Are there some U.S. skills shortages that cannot be solved by raising wages and changing training patterns? Of course, but they involve thousands of jobs, not hundreds of thousands or millions of them. If a university seeks a professor of Mongolian languages and literature who must have a PhD and a native's skill with that language, the university should be able to recruit overseas; so should a zoo that needs a veterinarian really skilled with the diseases of the water buffalo.

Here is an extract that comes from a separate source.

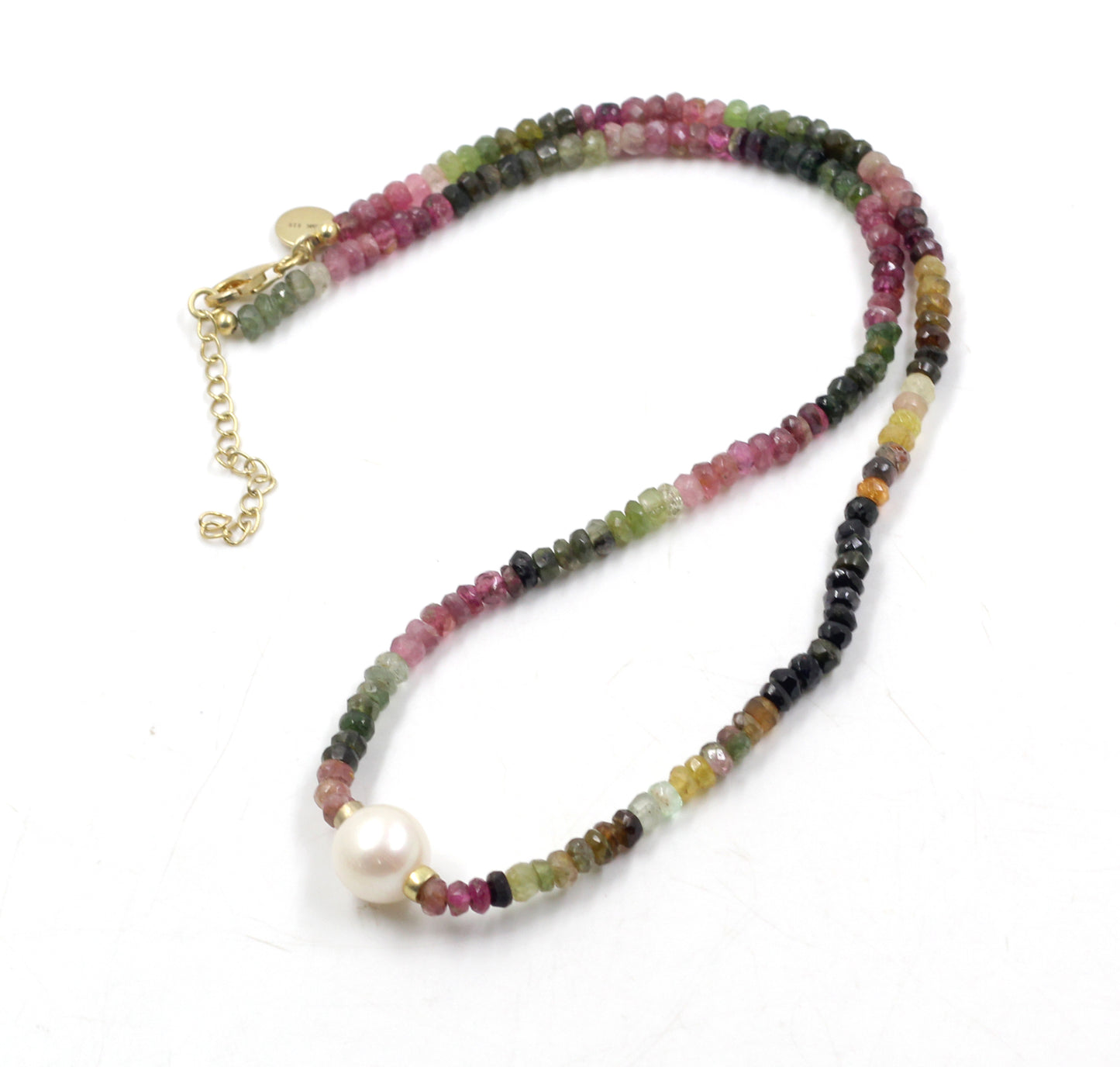 925 Sterling Silver Handmade Jewelry,Real Tourmaline Multi Color Beads & Pearl Necklace,Elegant Party Wear,Anniversary Necklace ,Valentine Gift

But nonimmigrant worker programs started decades ago to handle such one-off shortages have morphed over time into massive admissions systems that not only fill jobs with aliens that could have been filed by residents (citizens and green card holders) they lower wages for all concerned where they concentrate. Thus, these systems impose both displacement and wage-depression impacts on the U.S. labor markets.

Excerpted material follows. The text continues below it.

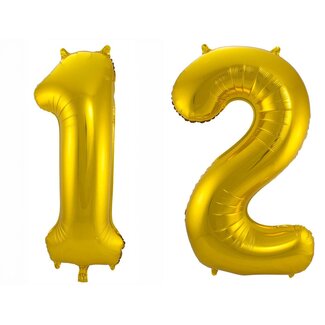 Festigo Folieballon 12 jaar - Goud - 86 cm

Are There Really Jobs Americans Won’t Do?

Of the 472 civilian occupations, only six are majority immigrant (legal and illegal). These six occupations account for 1 percent of the total U.S. workforce. Moreover, native-born Americans still comprise 46 percent of workers even in these occupations.

Many jobs often thought to be overwhelmingly immigrant (legal and illegal) are in fact majority native-born:

Maids and housekeepers: 51 percent native-born

Taxi drivers and chauffeurs: 58 percent native-born

Butchers and meat processors: 63 percent native-born

Grounds maintenance workers: 64 percent native-born

Construction laborers: 66 percent native-born

Porters, bellhops, and concierges: 72 percent native-born

Janitors: 73 percent native-born

Although illegal immigrants comprise a large share of workers in agriculture, farm workers are only a tiny share of the total labor force. Consistent with other research, just 5 percent of all illegal immigrants work in agriculture.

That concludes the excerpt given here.